Caption-style text data
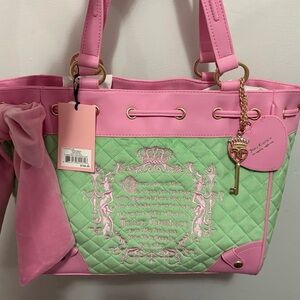 Juicy Couture Tale Green & Pink Daydreamer Tote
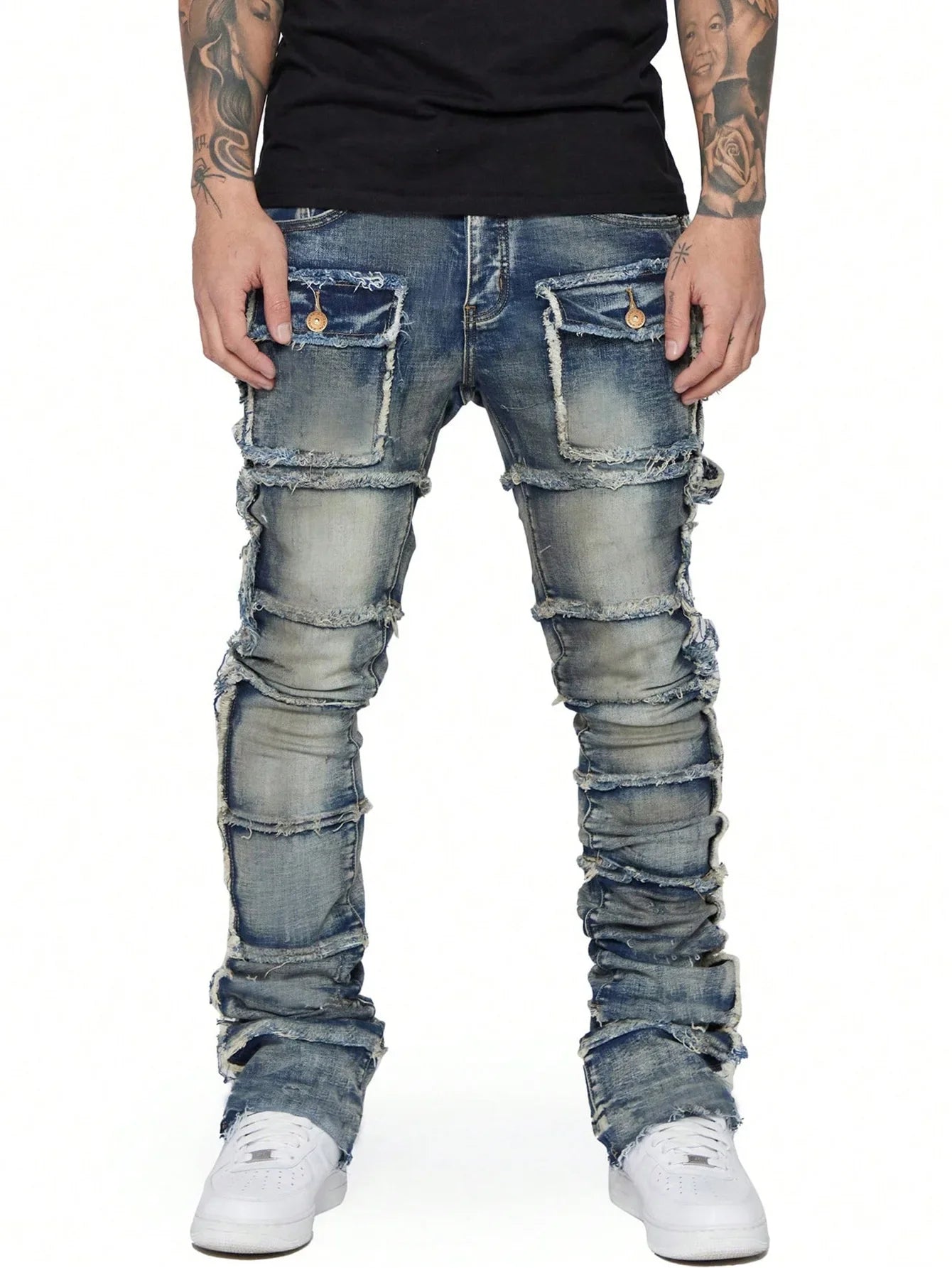 Fashionable Trendy Flared Men Denim Pants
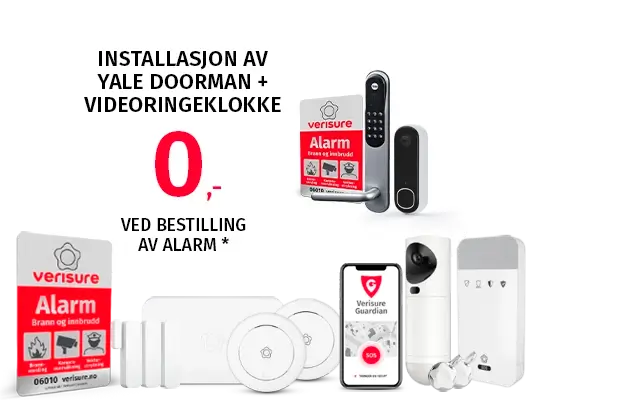 Tilbud på alarm med yale doorman og videoringeklokke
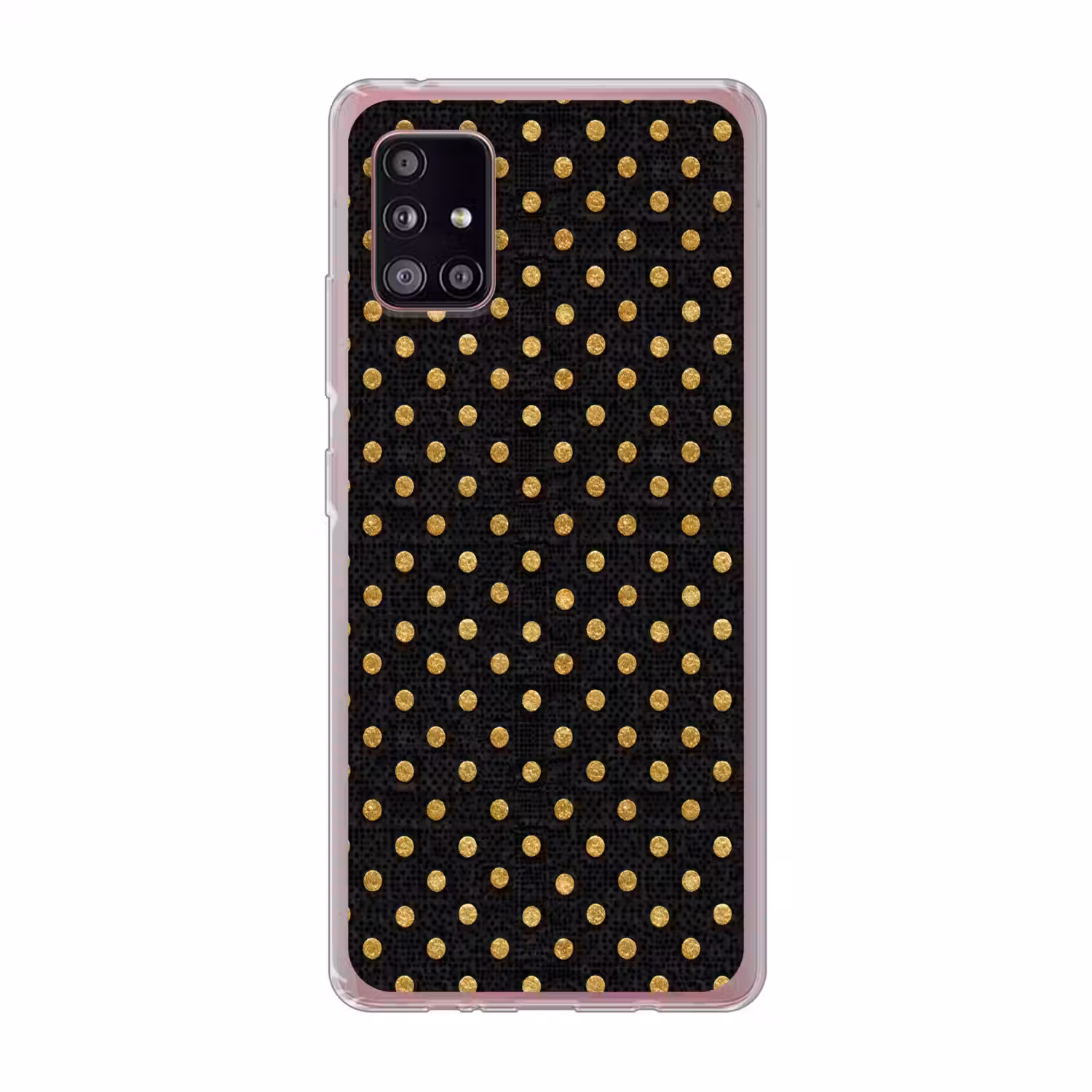 Polka Dot - Stippen - Goud - Zwart Telefoonhoesje Samsung Galaxy A51 5G klein 373 -3d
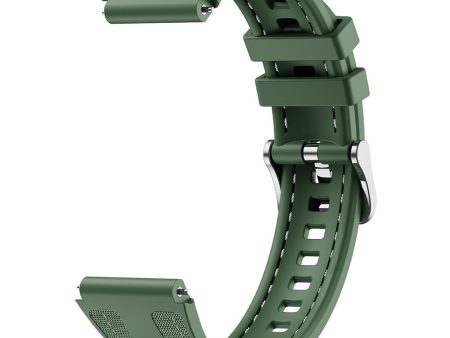 18mm Strap Huawei Watch GT 5 41mm   GT 4 41mm   Garmin Venu 3S Universal Silicone+Nylon Watch Band - Green For Sale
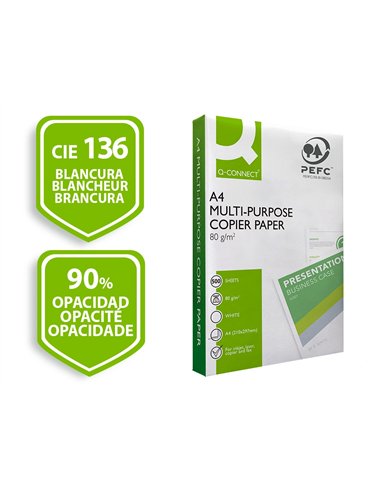 Papier q-connect a4 80g/m2 multifonction economy 500 feuilles.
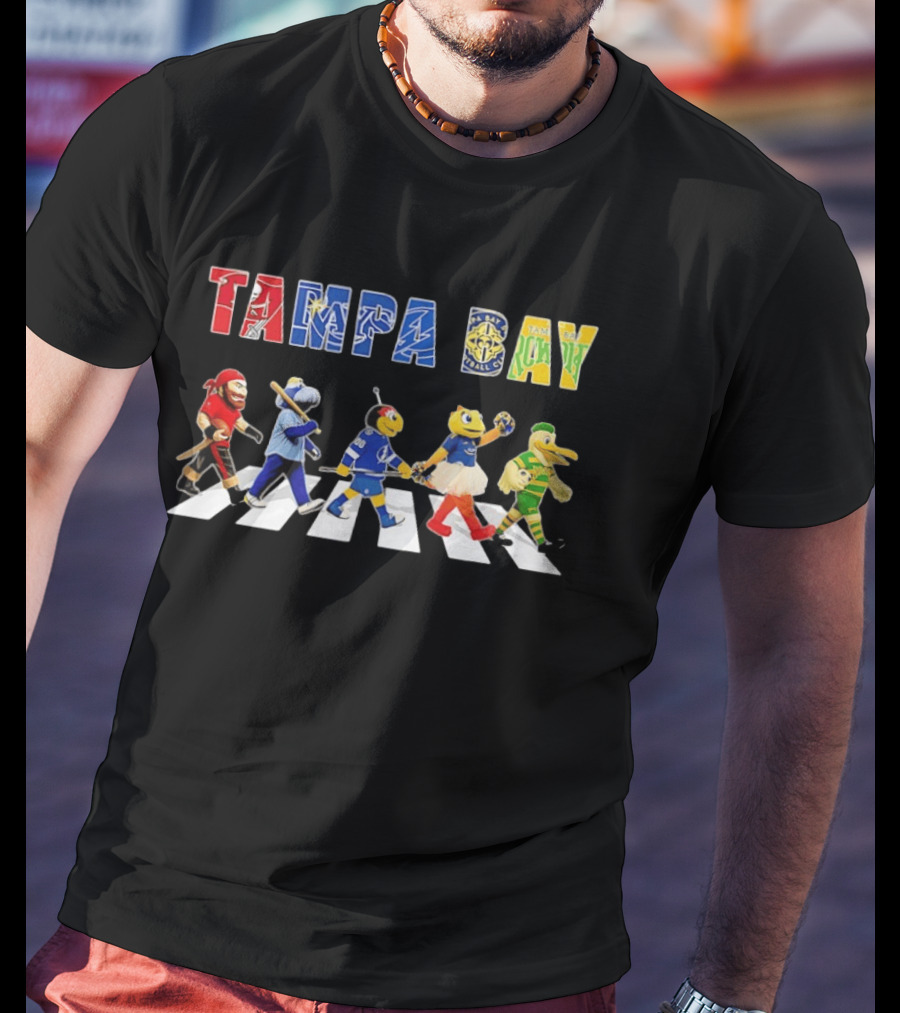Tampa Bay Sports Mascots Walking Abbey Road Style Sports In City T-Shirt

### Directions for this task
Restate all entries above exactly, but not the images.

### Response to the task
 Juicy Couture Tale Green & Pink Daydreamer Tote
 Fashionable Trendy Flared Men Denim Pants
 Tilbud på alarm med yale doorman og videoringeklokke
 Polka Dot - Stippen - Goud - Zwart Telefoonhoesje Samsung Galaxy A51 5G klein 373 -3d
 18mm Strap Huawei Watch GT 5 41mm   GT 4 41mm   Garmin Venu 3S Universal Silicone+Nylon Watch Band - Green For Sale
 Papier q-connect a4 80g/m2 multifonction economy 500 feuilles.
Tampa Bay Sports Mascots Walking Abbey Road Style Sports In City T-Shirt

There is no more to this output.